Бессовестные журналисты тех времен — Юрий Соломонов, Ирина Ришина, Юрий Рост, Нина Катерли — не удосуживались даже сочинить, не то что процитировать, поскольку таких цитат в природе нет: где и когда, какие русские писатели, какая "Память" призывала громить несчастных евреев. И никто, никто не привлек этих провокаторов к ответственности за "разжигание межнациональной розни"!

Метастазы клеветы, разливаясь по системам информационного кровообращения, проникали в провинцию, отравляя русофобским зловонием некогда консервативно-целомудренные страницы провинциальных газет. Моя родная калужская молодежная газета тоже не выдержала и забилась в антирусском эпилептическом припадке: "Русский характер исторически выродился. Реанимировать его — значит вновь обрекать страну на отставание". Словом, как лесной пожар, пламя "черного интернационала" бушевало и в столицах, и в провинции, и в главных, и во второстепенных, и даже в каких-то научных изданиях.
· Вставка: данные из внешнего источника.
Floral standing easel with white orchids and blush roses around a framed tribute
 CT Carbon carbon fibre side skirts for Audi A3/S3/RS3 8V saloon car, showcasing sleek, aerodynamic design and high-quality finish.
Помню, выписал из какого-то журнала размышления лингвиста С. Болотова: "Русский мат — едва ли не единственное творение русского духа… "

Впечатление было таково, что весь тот ураган, то цунами, то восстание таившихся до времени темных сил было при помощи направленного взрыва обрушено на Россию.

Время уважительной полемики — вспомним письма Яна Вассермана! — прошло безвозвратно. Борьба пошла не на жизнь, а на смерть.

Воздух был переполнен трихинами ненависти, клеветы и отчаяния, которые поражали всех без разбора.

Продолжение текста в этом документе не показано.